Back to BUZZness

To be fair, I did not work on the game for a while, and since the last time I wrote about in here I had made A LOT of changes, I implemented ECS instead of using a more OO approach and basically rewrote the entire thing. I was trying to make the gameplay more exciting so I was pretty invested on writing code for the bee behavior (I shoud give you some background here but the game was kinda an POC and nothing really worked, you can read the other post about it )

Anyway, I got i bit carried away and I made bees interact with each other, flowers and the map, this caused some really slow operations, that was noticeable in my more modest laptop instead of my main machine, I was getting something like 1500fps with my PC and around 300 with my laptop and as soon as I finishing doing some cool things with the behavior with 500 bees I cloud get 30 fps, yikes.

So I was searching what I was doing wrong to see what I can do to improve this, the first this I did was to create some metrics that I can compare, so I did create a logger and generate csv files with timestamps, number of bees, frame times and fps.

The baseline was that with 1000 bees in my laptop I was getting 4-7 FPS and 800ms+ frame times. with that I began finding issues, the first thing I noticed was, the QueryIterator that I was using create new iterators and those allocations maybe was causing bottlenecks, but it didn’t really help, but was a nice improvement having direct iterations instead of creating new ones.

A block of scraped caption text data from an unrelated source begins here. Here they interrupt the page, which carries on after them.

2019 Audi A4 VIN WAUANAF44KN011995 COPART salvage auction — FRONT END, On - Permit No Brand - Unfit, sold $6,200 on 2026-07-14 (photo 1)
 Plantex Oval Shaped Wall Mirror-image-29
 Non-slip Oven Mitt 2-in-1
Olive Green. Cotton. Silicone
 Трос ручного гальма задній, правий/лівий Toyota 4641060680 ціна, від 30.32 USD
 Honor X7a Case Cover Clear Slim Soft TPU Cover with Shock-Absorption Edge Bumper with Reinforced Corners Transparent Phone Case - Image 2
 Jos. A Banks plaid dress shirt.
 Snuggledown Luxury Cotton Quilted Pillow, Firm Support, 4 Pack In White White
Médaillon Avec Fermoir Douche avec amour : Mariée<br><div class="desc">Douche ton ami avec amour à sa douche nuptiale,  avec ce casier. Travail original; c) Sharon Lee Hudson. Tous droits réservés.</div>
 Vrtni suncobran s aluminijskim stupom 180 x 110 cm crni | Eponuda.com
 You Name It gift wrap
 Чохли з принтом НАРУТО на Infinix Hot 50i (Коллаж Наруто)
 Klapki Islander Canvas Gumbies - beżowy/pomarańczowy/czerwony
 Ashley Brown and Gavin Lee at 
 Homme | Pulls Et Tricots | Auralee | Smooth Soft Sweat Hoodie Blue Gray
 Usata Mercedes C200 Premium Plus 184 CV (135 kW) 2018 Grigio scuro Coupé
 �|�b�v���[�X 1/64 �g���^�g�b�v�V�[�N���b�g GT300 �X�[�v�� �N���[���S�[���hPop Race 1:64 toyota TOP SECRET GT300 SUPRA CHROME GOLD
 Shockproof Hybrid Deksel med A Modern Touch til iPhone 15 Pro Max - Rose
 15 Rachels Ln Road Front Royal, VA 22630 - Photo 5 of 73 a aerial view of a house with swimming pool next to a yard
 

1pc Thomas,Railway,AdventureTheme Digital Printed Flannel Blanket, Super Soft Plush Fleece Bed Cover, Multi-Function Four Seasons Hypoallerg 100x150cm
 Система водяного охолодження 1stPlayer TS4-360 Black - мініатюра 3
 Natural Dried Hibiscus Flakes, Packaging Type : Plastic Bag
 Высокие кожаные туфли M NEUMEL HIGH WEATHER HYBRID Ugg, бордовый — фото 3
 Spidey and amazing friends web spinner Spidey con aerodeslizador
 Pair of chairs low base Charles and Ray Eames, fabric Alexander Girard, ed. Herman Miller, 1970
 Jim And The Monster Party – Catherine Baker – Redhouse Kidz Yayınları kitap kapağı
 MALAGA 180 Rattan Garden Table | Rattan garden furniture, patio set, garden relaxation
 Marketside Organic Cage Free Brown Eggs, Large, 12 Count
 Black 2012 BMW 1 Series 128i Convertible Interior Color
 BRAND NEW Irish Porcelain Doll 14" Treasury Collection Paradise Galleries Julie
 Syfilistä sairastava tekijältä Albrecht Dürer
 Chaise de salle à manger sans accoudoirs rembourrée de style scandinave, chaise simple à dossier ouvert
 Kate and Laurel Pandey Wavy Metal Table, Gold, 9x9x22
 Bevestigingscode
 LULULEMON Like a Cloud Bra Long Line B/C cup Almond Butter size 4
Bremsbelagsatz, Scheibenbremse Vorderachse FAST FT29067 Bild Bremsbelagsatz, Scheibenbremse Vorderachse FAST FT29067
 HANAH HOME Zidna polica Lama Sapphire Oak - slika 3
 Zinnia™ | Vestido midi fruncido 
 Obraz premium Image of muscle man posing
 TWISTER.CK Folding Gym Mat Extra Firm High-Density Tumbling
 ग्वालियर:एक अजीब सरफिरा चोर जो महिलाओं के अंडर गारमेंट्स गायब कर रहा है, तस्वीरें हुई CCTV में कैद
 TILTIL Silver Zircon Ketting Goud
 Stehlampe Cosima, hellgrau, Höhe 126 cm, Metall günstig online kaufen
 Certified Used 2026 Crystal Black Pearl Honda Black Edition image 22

I also noticed that I was using an function countBeesNearFlower() for some of the behavior and this was 0(n), considering the 1000 bees and running in each frame this was not ideal, to say the least, so I added an HashMap to track bees targeting each flower with some QoL methods to incriment, decrement, and get target count for each flower, this improve from O(n) to O(1), even with this, the performance did not improve was I was hopping, so the bottleneck was in something else.

After all that, still getting 700ms+ spikes, I did not found the main issue.

With an clear head, after an night of sleep I notice my mistake, 10x performance improvements does not comes when you do something smart, it’s when you stop doing something stupid, I had an method to make bees go to an flower to collect pollen, findNearestFlower() was called EVERY FRAME, for EVERY BEE, iterating on ALL FLOWERS.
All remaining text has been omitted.